**The task**
Write out again, please, the records below from the first line to the line holding "Furt cu urmări", inclusive, and nothing else.

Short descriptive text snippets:

● ● ● ●

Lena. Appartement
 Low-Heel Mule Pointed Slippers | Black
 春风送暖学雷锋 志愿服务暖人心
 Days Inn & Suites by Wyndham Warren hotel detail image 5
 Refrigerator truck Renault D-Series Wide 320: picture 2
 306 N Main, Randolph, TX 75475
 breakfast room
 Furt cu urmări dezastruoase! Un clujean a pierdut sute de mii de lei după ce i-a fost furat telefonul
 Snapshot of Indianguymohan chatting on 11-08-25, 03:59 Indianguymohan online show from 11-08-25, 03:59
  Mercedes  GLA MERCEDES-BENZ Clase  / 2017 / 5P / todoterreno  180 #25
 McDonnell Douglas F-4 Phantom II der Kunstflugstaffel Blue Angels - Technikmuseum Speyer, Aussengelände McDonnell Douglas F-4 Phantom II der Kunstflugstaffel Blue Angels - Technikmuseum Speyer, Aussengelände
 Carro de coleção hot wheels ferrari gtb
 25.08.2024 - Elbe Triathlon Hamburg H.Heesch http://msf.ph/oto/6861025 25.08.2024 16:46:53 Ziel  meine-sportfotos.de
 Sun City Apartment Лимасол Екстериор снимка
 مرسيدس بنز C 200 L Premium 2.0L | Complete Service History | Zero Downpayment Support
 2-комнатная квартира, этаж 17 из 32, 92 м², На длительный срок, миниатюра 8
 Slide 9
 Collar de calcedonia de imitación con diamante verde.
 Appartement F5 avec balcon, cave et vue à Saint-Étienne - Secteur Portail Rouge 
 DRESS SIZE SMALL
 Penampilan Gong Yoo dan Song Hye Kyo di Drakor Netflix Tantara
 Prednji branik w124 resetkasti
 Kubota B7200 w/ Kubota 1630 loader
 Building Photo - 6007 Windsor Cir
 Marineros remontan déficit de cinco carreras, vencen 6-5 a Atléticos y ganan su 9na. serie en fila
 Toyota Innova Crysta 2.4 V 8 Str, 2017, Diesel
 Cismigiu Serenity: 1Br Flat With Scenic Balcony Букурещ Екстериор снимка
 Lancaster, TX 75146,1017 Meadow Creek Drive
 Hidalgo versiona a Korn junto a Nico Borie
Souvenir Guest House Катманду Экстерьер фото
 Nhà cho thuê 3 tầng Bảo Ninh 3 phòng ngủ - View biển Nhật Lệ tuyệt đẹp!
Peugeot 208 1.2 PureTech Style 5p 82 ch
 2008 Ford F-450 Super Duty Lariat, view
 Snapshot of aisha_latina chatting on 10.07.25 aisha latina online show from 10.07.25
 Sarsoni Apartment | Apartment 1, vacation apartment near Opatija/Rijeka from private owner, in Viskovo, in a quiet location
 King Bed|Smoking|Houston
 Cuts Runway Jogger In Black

● ● ● ●

**Response**
Lena. Appartement
 Low-Heel Mule Pointed Slippers | Black
 春风送暖学雷锋 志愿服务暖人心
 Days Inn & Suites by Wyndham Warren hotel detail image 5
 Refrigerator truck Renault D-Series Wide 320: picture 2
 306 N Main, Randolph, TX 75475
 breakfast room
 Furt cu urmări dezastruoase! Un clujean a pierdut sute de mii de lei după ce i-a fost furat telefonul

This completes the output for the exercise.